The one contribution a CEO is uniquely expected to make is to give others vision and the ability to perform. Peter Drucker wrote this is in The Practice of Management almost 50 years ago, and it is the best one-sentence description of what a manager does that I have ever seen.
It is only those organizations that perform that are rewarded by the market. It is the CEO’s responsibility and task to create a performing organization capable of meeting the demands and needs of its customers in a competitive market. This requires giving the members of the organization a vision of what the company needs to do to meet those needs. In addition, this means the CEO must insure that their people be given the training, the tools, the information, and the leadership they need to perform.

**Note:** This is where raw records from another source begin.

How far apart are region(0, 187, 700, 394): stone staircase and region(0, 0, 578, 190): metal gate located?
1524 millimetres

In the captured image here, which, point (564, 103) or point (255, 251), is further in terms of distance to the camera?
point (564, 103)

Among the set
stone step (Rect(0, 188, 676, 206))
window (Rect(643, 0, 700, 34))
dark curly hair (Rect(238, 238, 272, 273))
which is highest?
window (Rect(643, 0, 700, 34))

In the preceding paragraph, last sentence, we readily grasp in a clearly understood way what training, tools, and information mean. I don’t know that we understand leadership quite so clearly. When Drucker wrote this book, leadership was often summed up as making sure the organization was focused on doing the right things. These were things that moved you in the right direction, achieving the right goals, satisfying the right customers with the right products and services. There’s an old cliché that says “leaders do the right things, managers do things right.” We thought for a long time that we could separate leading and managing. It doesn’t work…there is too much confusing overlap.
When we’re digging into leadership, it’s impossible to make sense of it without realizing that it requires motivated, energized, and engaged followers. It is in this area where most of the work that has advanced the field of management has been done in the last 25–30 years. Here is some of what we’ve learned.

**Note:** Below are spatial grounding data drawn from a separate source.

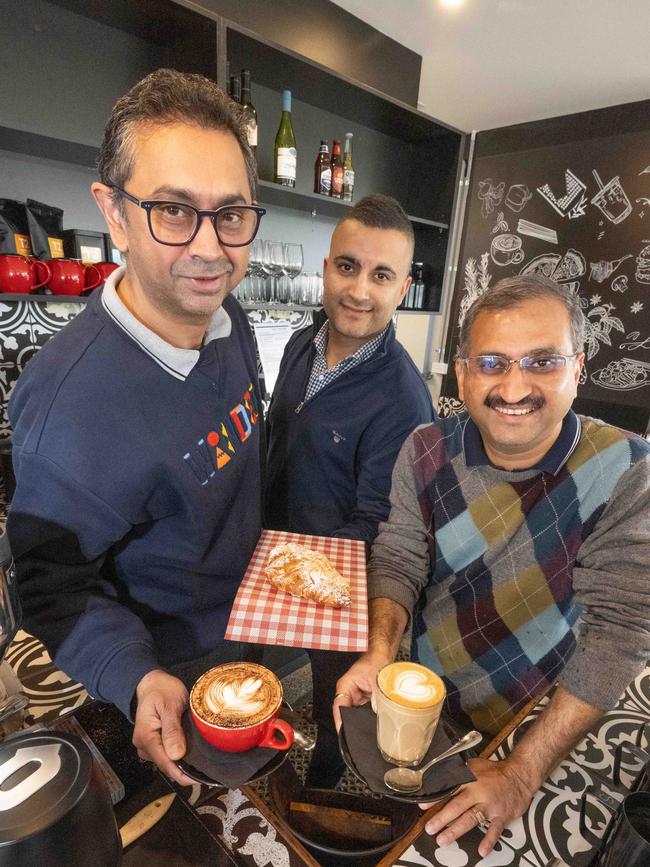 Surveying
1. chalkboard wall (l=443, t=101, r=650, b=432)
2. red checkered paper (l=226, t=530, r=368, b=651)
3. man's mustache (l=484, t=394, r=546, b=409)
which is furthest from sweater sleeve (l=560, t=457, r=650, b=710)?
chalkboard wall (l=443, t=101, r=650, b=432)

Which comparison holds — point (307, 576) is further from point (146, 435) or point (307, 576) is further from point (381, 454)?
point (381, 454)

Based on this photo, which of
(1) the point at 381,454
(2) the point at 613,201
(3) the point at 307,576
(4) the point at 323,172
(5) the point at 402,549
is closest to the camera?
(3) the point at 307,576

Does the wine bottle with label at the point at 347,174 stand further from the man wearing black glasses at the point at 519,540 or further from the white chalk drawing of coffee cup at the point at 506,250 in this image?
the man wearing black glasses at the point at 519,540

- We have learned that people whose behavioral traits match up well with the known traits of high performers in their field are more likely to do well in their jobs. Performance-Enjoyment Theory from the field of psychology tells us that if we enjoy at least 75% of the tasks required in our job, we are three times more likely to succeed in it.

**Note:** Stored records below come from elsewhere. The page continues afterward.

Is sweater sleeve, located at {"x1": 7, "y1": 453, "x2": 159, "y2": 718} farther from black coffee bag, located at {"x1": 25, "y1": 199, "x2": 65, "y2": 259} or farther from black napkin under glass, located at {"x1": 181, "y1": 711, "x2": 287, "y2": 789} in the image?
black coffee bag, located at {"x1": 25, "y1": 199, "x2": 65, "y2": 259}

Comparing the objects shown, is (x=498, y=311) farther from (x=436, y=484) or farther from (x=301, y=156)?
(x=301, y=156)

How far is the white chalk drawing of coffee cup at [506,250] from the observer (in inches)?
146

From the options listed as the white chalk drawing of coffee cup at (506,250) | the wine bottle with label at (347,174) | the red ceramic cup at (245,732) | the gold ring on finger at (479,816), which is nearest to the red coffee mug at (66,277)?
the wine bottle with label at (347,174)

- We have learned that organizations that work with their employees to help them get their expectations met begin to unlock an incredible amount of discretionary energy that employees bring with them to work every day. As they start to apply this discretionary energy they begin to get more engaged, more motivated, and more loyal. Costly turnover goes down and retention, productivity, and innovation go up.
- We have learned that the attributes of good team players can be understood, measured, and strengthened in team members who are weak in some areas. Whether we think of it often or not, most of the work accomplished in our companies today could not be done without people working as a team in well understood roles and responsibilities.
For years, profit leaders have consistently invested in their employees through various types of training. Most of this has been done to develop higher skill levels and deeper knowledge of their jobs. For most, investing in behavioral development of employees is still uncharted territory. It offers rich rewards in an environment where talent is hard to find and attract. It’s time to do something about it.